Advice in the Simple zone setup wiki & DHCP Guard

[esi_y]

I am not really familiar with PVE firewall solution, so it might be that I do not know something that I do not know, but I found this guide [1] from @shanreich on Simple zone with SNAT & DHCP setup.

What I found odd was this part:

For the DNS rule, you should additionally set the destination address to the gateway of the network. This allows only DNS traffic for the dnsmasq server. If you don't set it all DNS traffic will be allowed, which could be used to circumvent other firewall rules. DHCP cannot be restricted in the same manner, as it needs to be able to issue a broadcast message at first. Finally, mark both as enabled and save the rules. See the below screenshots for more information.

Actually, there is two pieces which I can't comprehend:

1. How can restricting DNS "could be used to circumvent other firewall rules", also, why not DNAT it then?

But the more important yet:

2. How come DHCP is not much more of a concern, I absolutely would want to DROP the frames on the FORWARD chain with ebtables as any other firewall rules then based on e.g. IP are completely futile.

Related / resulting question:

Should PVE provide simple "DHCP guard" option for this?

[1] https://pve.proxmox.com/wiki/Setup_Simple_Zone_With_SNAT_and_DHCP

 

[shanreich]

2. How come DHCP is not much more of a concern, I absolutely would want to DROP the frames on the FORWARD chain with ebtables as any other firewall rules then based on e.g. IP are completely futile.

You cannot abuse DHCP for tunneling, there's only potential for MitM attacks.

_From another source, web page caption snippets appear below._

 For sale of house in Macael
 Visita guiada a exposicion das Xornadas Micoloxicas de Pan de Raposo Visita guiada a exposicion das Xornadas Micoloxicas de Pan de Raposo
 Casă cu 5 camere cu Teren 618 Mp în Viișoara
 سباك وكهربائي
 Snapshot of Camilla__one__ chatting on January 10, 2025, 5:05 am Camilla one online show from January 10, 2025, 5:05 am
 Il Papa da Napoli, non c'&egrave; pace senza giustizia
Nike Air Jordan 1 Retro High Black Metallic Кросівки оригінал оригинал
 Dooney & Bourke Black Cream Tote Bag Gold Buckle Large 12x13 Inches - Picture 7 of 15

But those can be safeguarded against by disallowing DHCP server traffic from any non-host port (see below). There is also the IP Filter option, preventing a VM from sending IP traffic with IPs other than the one configured. In a future patch I will integrate this with the IPAM, automatically populating that option from the IPs set in the IPAM.

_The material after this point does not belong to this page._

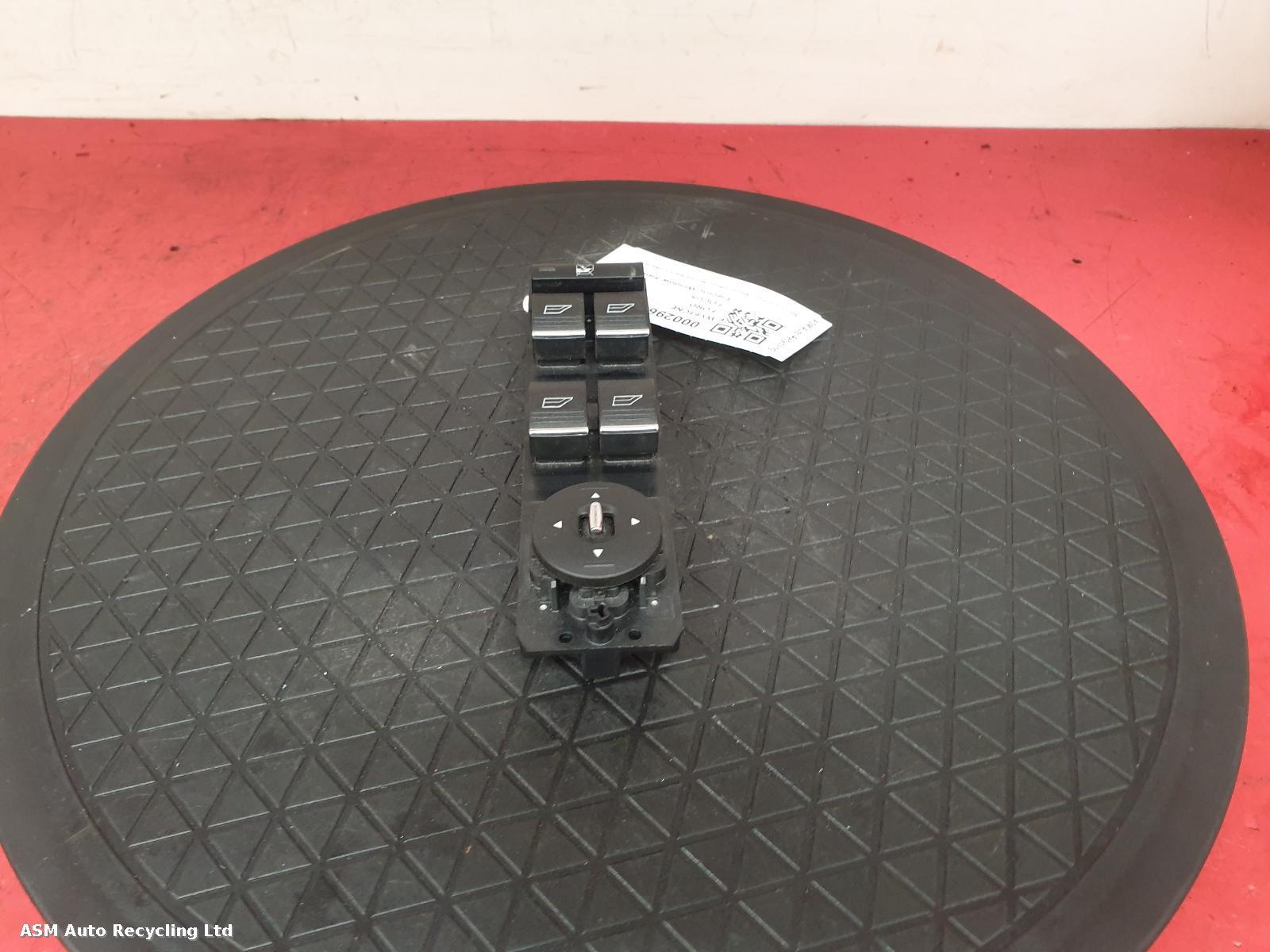View Auto part Elect. Window Switch Ford Focus 2011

Should PVE provide simple "DHCP guard" option for this?

Not sure I 100% understand what you mean by DHCP guard, but there is an option in the Firewall Options for a guest to filter outgoing DHCP server traffic.


edit: DNS part was nonsense, I'll respond later when I have more time

 

[esi_y]

Not sure I 100% understand what you mean by DHCP guard, but there is an option in the Firewall Options for a guest to filter outgoing DHCP server traffic.

So that I do not use some proprietary [1] meaning for the term (EDIT: see the "IP source guard" there, however), let's say at least RFC7610 [2] and for IPv6 also RFC6105 (though not DHCP per se, same problem).

[1] https://www.cisco.com/c/en/us/td/do...-2/31sga/configuration/guide/config/dhcp.html
[2] https://datatracker.ietf.org/doc/html/rfc7610
[3] https://datatracker.ietf.org/doc/html/rfc6105

 

[shanreich]

Yes, something similar is effectively implemented by the IP FIltering (IP Source guard as per the Cisco documentation) option. Currently we have no way for users to filter on the forward chain, but this will change very soon [1]. This should then also cover DHCP (since it is layer 4 and therefore configurable via custom rules in the Firewall UI). We do not expose the option to configure source / destination mac address though. The most important protocols (DHCP, NDP) should be covered by the firewall options we expose.

We also have something like DHCP guard for NDP traffic. You can check out the skeleton ruleset for proxmox-firewall which includes the respective chains [2].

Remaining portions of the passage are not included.